Sesungguhnya Islam mengharamkan aktivitas menggambar (التَّصْوِيْرُ). Dalil yang menunjukkan haramnya menggambar adalah sebagai berikut;

صحيح مسلم (11/ 23)

عَنْ عَبْدِ اللَّهِ قَالَ

قَالَ رَسُولُ اللَّهِ صَلَّى اللَّهُ عَلَيْهِ وَسَلَّمَ إِنَّ أَشَدَّ النَّاسِ عَذَابًا يَوْمَ الْقِيَامَةِ الْمُصَوِّرُونَ
 

“Dari Abdullah; Rasulullah SAW bersabda; Sesungguhnya manusia yang paling keras siksanya pada hari kiamat adalah para pelukis” (H.R.Muslim)

صحيح مسلم (11/ 9)

عَنْ أَبِي طَلْحَةَ

عَنْ النَّبِيِّ صَلَّى اللَّهُ عَلَيْهِ وَسَلَّمَ قَالَ لَا تَدْخُلُ الْمَلَائِكَةُ بَيْتًا فِيهِ كَلْبٌ وَلَا صُورَةٌ

“Dari Abu Thalhah, dari Nabi SAW beliau bersabda; Malaikat tidak masuk ke dalam rumah yang di dalamnya ada anjing dan lukisan” (H.R.Muslim)

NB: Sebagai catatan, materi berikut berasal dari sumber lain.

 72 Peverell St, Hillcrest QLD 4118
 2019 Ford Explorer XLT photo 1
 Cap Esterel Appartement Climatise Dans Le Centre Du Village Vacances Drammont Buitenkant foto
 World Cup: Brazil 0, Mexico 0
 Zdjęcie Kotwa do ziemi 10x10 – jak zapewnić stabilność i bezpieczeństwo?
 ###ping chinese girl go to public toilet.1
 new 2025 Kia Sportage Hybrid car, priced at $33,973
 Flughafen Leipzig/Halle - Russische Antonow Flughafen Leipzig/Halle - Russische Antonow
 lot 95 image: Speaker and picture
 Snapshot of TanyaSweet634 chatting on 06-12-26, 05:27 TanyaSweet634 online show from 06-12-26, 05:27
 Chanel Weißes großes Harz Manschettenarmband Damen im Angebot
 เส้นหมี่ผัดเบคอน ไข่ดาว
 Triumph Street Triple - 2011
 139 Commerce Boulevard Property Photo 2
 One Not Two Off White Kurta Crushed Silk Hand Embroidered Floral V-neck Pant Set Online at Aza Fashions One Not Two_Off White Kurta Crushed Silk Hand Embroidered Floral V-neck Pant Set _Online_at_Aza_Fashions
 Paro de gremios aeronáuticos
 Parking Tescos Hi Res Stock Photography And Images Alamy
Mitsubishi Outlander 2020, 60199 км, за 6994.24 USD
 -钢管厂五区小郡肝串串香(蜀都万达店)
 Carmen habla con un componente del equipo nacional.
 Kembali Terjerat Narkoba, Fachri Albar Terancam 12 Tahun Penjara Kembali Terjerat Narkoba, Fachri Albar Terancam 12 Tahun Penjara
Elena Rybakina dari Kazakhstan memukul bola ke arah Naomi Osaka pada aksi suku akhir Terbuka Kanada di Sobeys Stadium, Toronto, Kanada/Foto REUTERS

Hadis-Hadis yang maknanya senada jumlahnya cukup banyak. Semuanya menegaskan keharaman Tashwir/ التَّصْوِيْرُ (menggambar). Islam memang mengharamkan Tashwir dengan segala bentuknya, termasuk membuat patung (صُنْعُ التَّمَاثِيْلِ) atau memahat patung (النَّحْتُ). Namun keharaman  Tashwir ini hanya berlaku pada sesuatu yang memiliki ruh seperti manusia dan hewan. Jika obyeknya tidak mememiliki ruh seperti pohon, gunung, rerumputan, sungai, laut, danau dan sebagainya maka menggambarnya hukumnya mubah. Dalil yang menunjukkan mubahnya menggambar obyek yang tidak memiliki ruh adalah Hadis berikut;

صحيح مسلم (11/ 25)

عَنْ سَعِيدِ بْنِ أَبِي الْحَسَنِ قَالَ جَاءَ رَجُلٌ إِلَى ابْنِ عَبَّاسٍ فَقَالَ إِنِّي رَجُلٌ أُصَوِّرُ هَذِهِ الصُّوَرَ فَأَفْتِنِي فِيهَا فَقَالَ لَهُ ادْنُ مِنِّي فَدَنَا مِنْهُ ثُمَّ قَالَ ادْنُ مِنِّي فَدَنَا حَتَّى وَضَعَ يَدَهُ عَلَى رَأْسِهِ قَالَ أُنَبِّئُكَ بِمَا

سَمِعْتُ مِنْ رَسُولِ اللَّهِ صَلَّى اللَّهُ عَلَيْهِ وَسَلَّمَ سَمِعْتُ رَسُولَ اللَّهِ صَلَّى اللَّهُ عَلَيْهِ وَسَلَّمَ يَقُولُ كُلُّ مُصَوِّرٍ فِي النَّارِ يَجْعَلُ لَهُ بِكُلِّ صُورَةٍ صَوَّرَهَا نَفْسًا فَتُعَذِّبُهُ فِي جَهَنَّمَ

و قَالَ إِنْ كُنْتَ لَا بُدَّ فَاعِلًا فَاصْنَعْ الشَّجَرَ وَمَا لَا نَفْسَ لَهُ

“Dari Sa’id bin Abi Al-Hasan beliau berkata; seorang lelaki datang kepada Ibnu Abbas lalu berkata; Sesungguhnya aku adalah orang yang melukis lukisan-lukisan ini, berilah aku fatwa tentangnya. Maka Ibnu Abbas berkata; mendekatlah kepadaku. Maka dia mendekat kepadanya. Lalu Ibnu Abbas berkata lagi; mendekatlah kepadaku. Maka dia mendekat hingga Ibnu Abbas meletakkan tangannya di atas kepalanya dan berkata; Aku beritahu engkau sesuatu yang aku dengar dari Rasulullah SAW. Aku mendengar Rasulullah SAW bersabda; Semua pelukis di dalam Neraka. Setiap lukisan yang dia buat diberi jiwa, lalu makhluk itu menyiksanya di Neraka Jahannam.” Ibnu Abbas berkata; Jika engkau harus melukis, maka lukislah pepohonan dan benda yang tidak berjiwa” (H.R.Muslim)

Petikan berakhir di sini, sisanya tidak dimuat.